Which brings us to Gangster Squad. This is a movie that doesn't skimp on car chases, absurdly violent shootouts, and really snazzy fedoras. It feels as if it could have been a decent, second-gear gangster film, and Ruben Fleischer, the director of the wondrous Zombieland(2009), should have been the man for the job.
But there's just a certain lack of drive here. The plot, which more or less recycles another De Palma film, The Untouchables (1987), simply unleashes a series of dumb clichés, marking certain characters for death early on, allowing the bad guy to make one stupid slip-up, etc.

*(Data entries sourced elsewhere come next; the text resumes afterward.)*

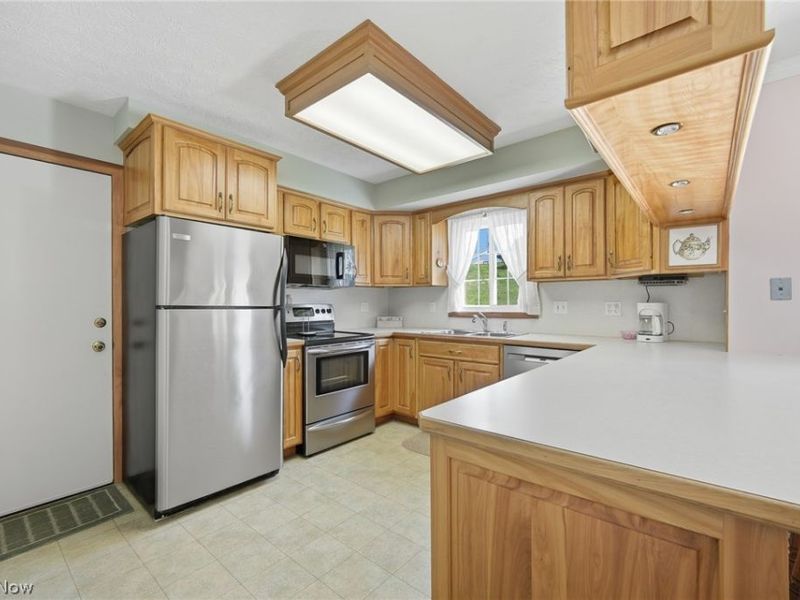 930 Bellarbor Avenue NW, Canton, OH 44708 Photo 14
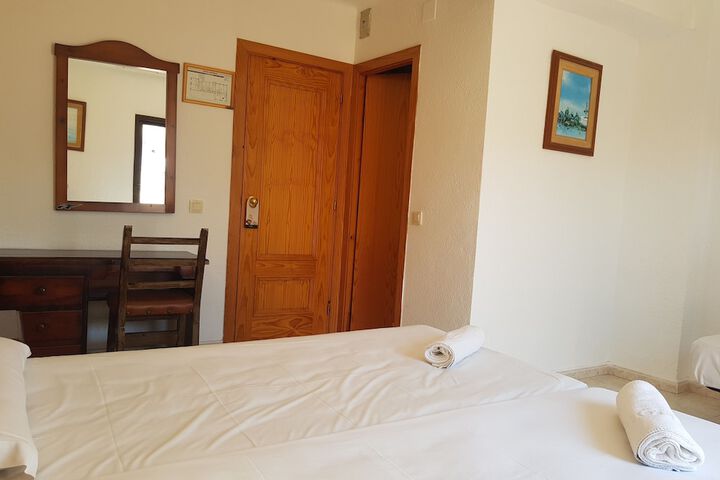 Room 9 of 49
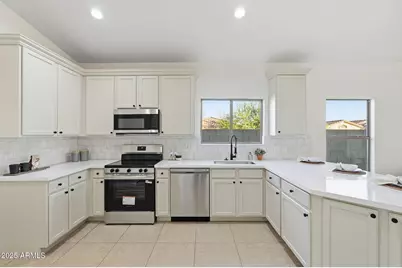 12105 W Ocotillo Lane, El Mirage, AZ 85335 - Photo 10
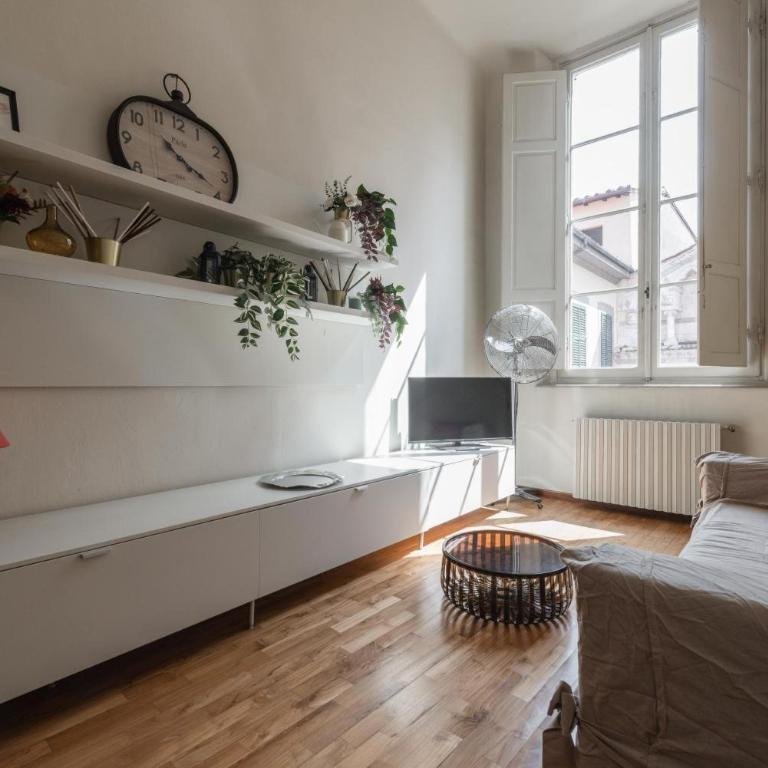 Single House - Pisa - Apartment with Shower - 2
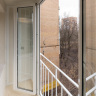 Распашные створки по центру балкона с французским остеклением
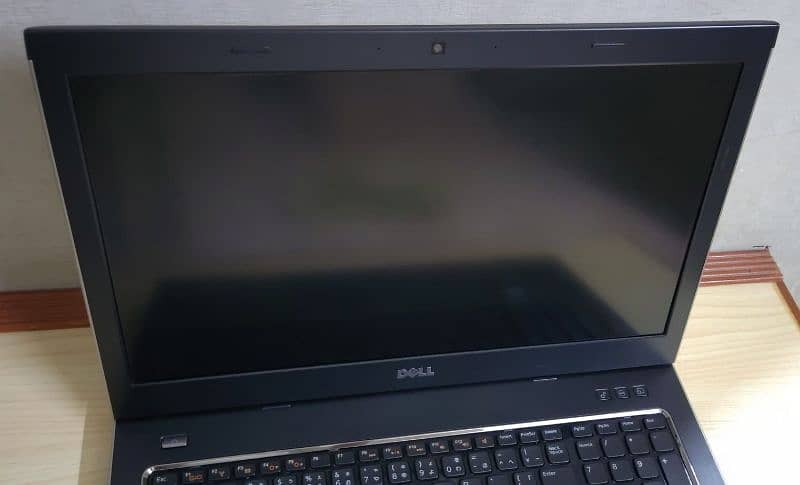 Dell Vostro 3750 5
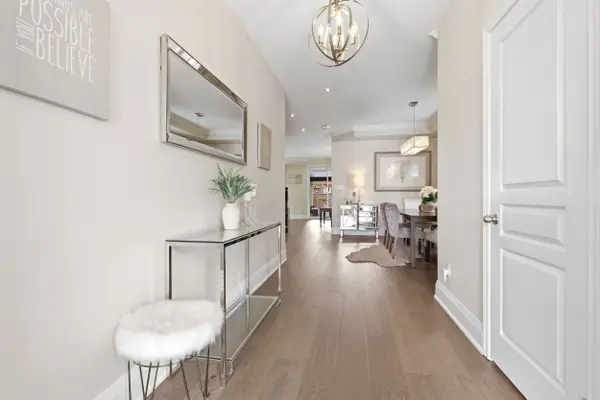 19 Michelangelo LN, Hamilton, ON L9B 0C4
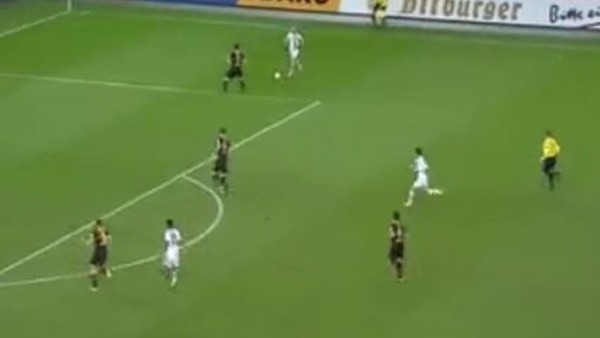 Grosskreutz kendi kalesine attı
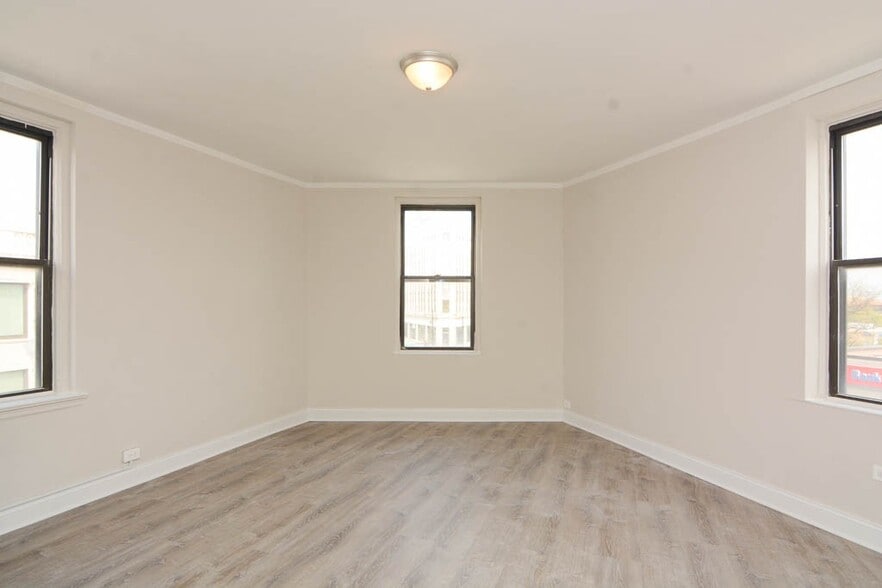 Building Photo - 3335 W Diversey Ave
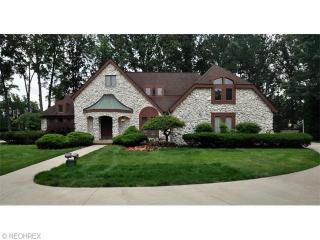 2404 Georgia Dr, Cleveland, OH 44145-5808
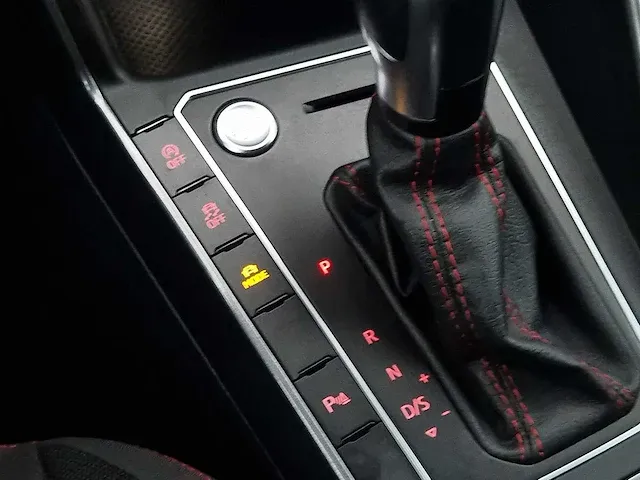 Volkswagen polo 2.0 tsi gti | r-612-nr - afbeelding 36 van  43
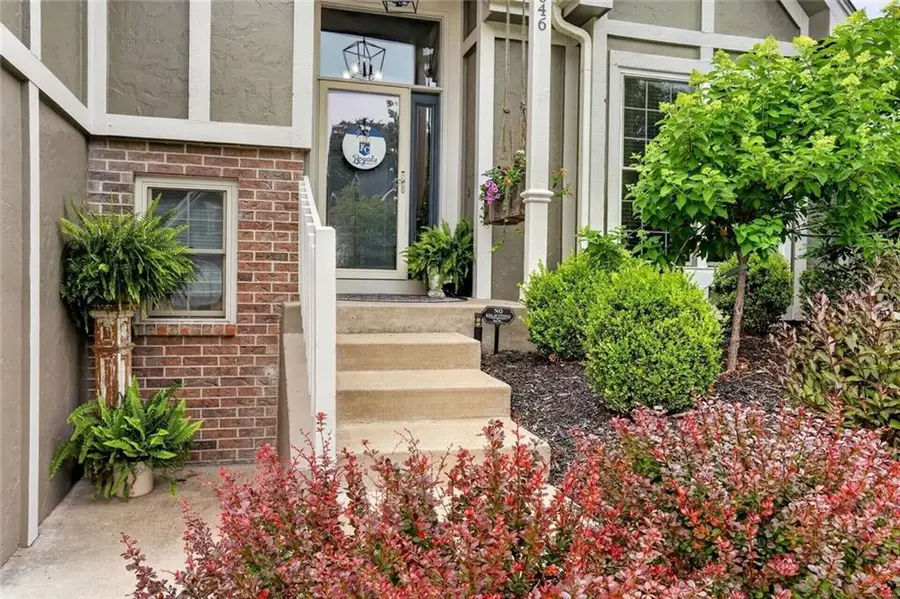 7646 N Pomona Avenue, Kansas City, MO 64152 - #2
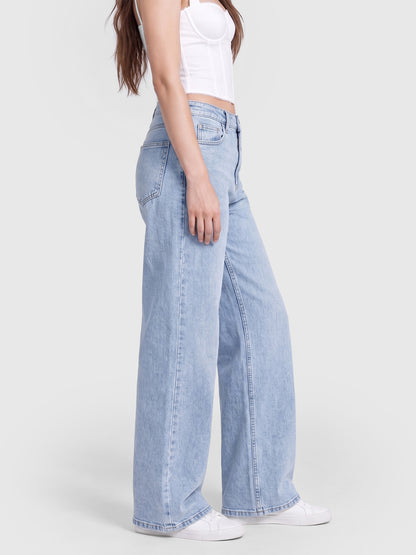 Model wearing JDP2512-15 women's wide-leg denim jeans in Light Blue, side view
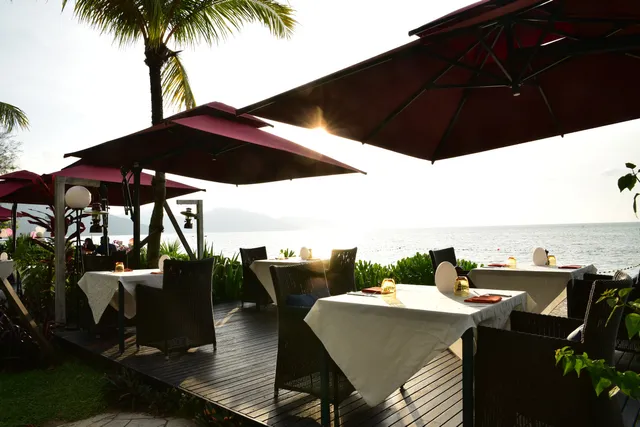 Gustoso & Gustoso By The Beach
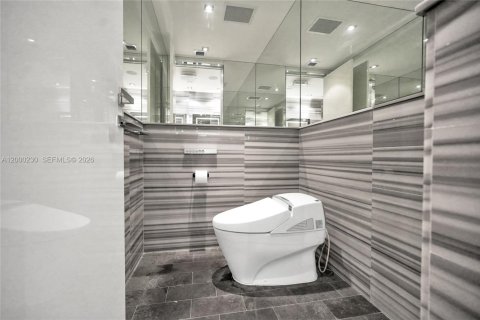 Снять в аренду кондоминиум в Майами, Флорида 3 спальни, 195.65м2, № 2067276 - фото 30
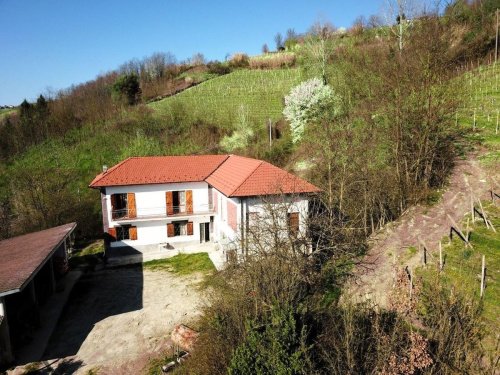 Maison de campagne à Ricaldone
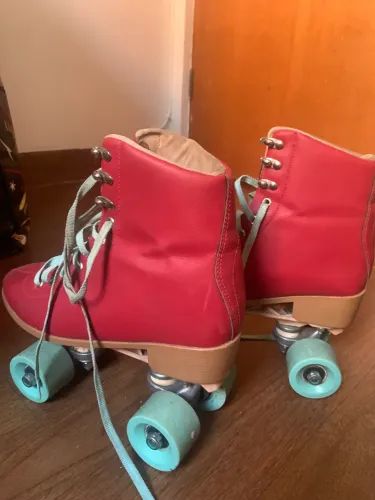 Patins Oxer Vermelho retrô. Tamanho 37/38. Sem freios da frente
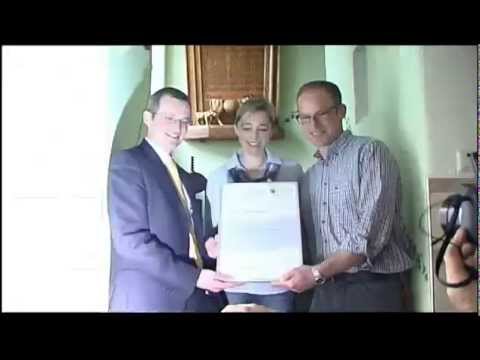 Urkunde: Fleischerei Sinapius bekommt Urkunde - ELSTERWELLE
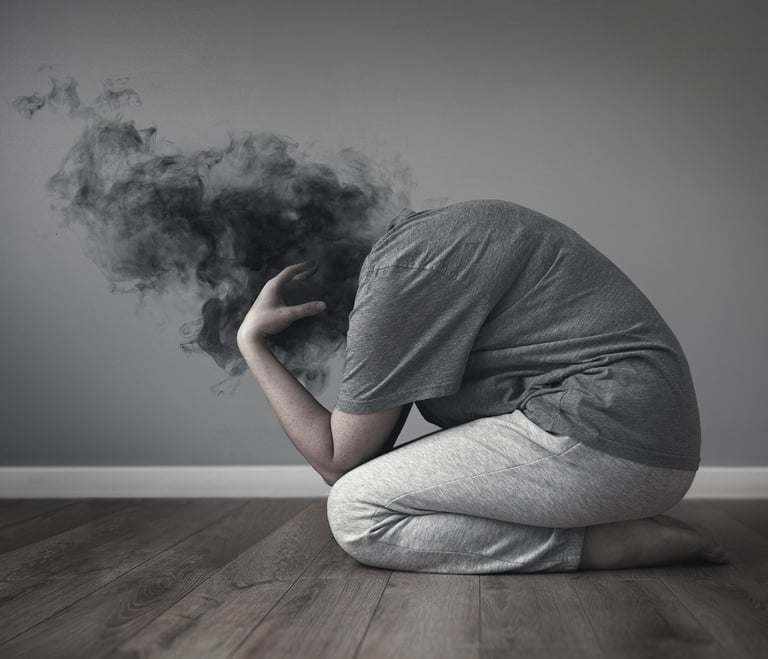 personne repliée sur elle meme souffrant d'anxiete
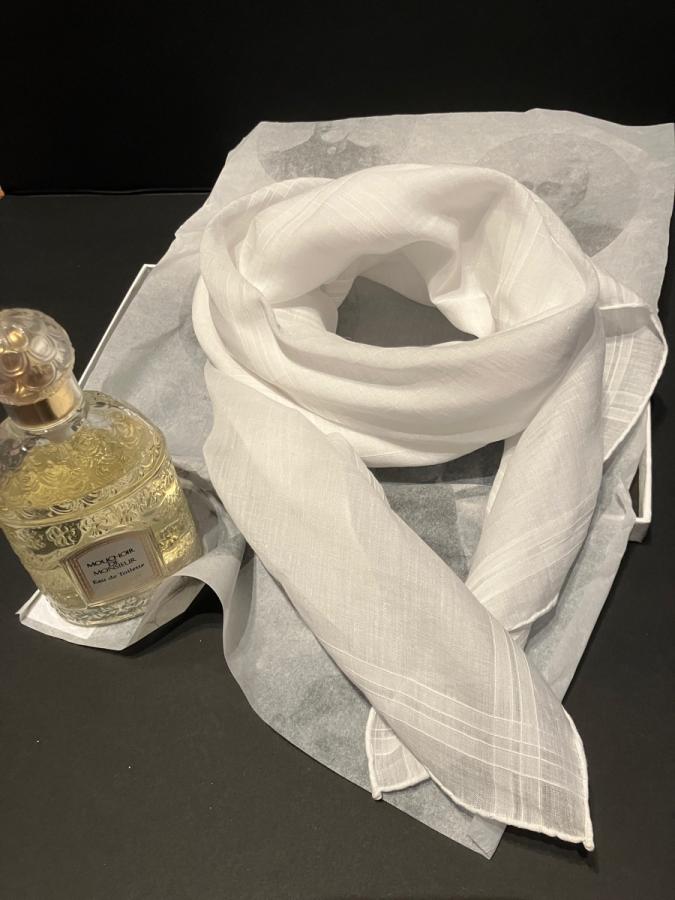 simonnot godard Foulard en batiste de lin coton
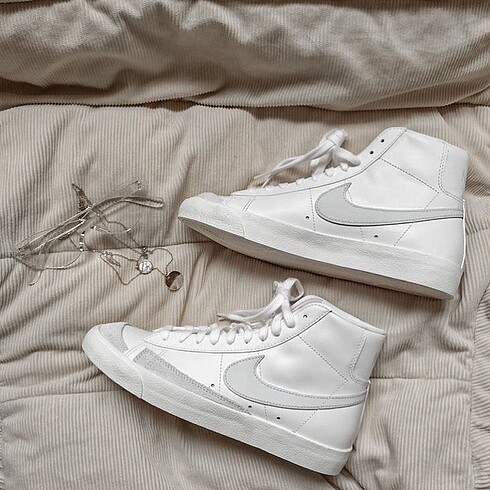 Nike Stranger Bot Beyaz Gümüş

Gangster Squad is lazy and not particularly well thought-out, but fortunately a terrific cast manages to snap many of the movie's moments into life. Josh Brolin stars as John O'Mara, a Los Angeles cop, circa the late 1940s, who is braver than most. The chief (Nick Nolte) singles him out to form a special, secret squad designed to take down gangster Mickey Cohen (Sean Penn), whose foothold in L.A. will soon be too strong to stop. To make matters more complicated, his loving wife (a very good Mireille Enos) is pregnant and worries about losing him to the job.
Of course, it's up to O'Mara to assemble his team of outsider cops, which will no doubt be a group of misfits, each from a different walk of life. Anthony Mackie is the tough guy from the bad neighborhood, Robert Patrick is a cowboy-like sharpshooter, Michael Peña is his culturally maligned partner, Giovanni Ribisi is the brains of the outfit, and Ryan Gosling is Sgt. Jerry Wooters, the boozy, aloof, reluctant last-minute addition.
Jerry has another problem: he has seduced and fallen in love with Mickey's girl, Grace (Emma Stone), and it's only a matter of time before Mickey finds out.
Fleischer clearly adores his actors and has a smooth, cool directing style, but the problem here is mainly the script, and what it wants to say. Mickey Cohen was a smaller character in L.A. Confidential and Bugsy, but this movie doesn't seem to expand on him much, and only gives him more scenery to chew. The heroes talk a bit about having survived WWII and the importance of family, but not in any way that really clicks.
What does it all add up to? It's a gangster story that we've seen before, not prestigious, but also not care-free. Yet it has many fun moments. I guess it all comes down to the two words that Pauline Kael once used to open up a review: "It's OK."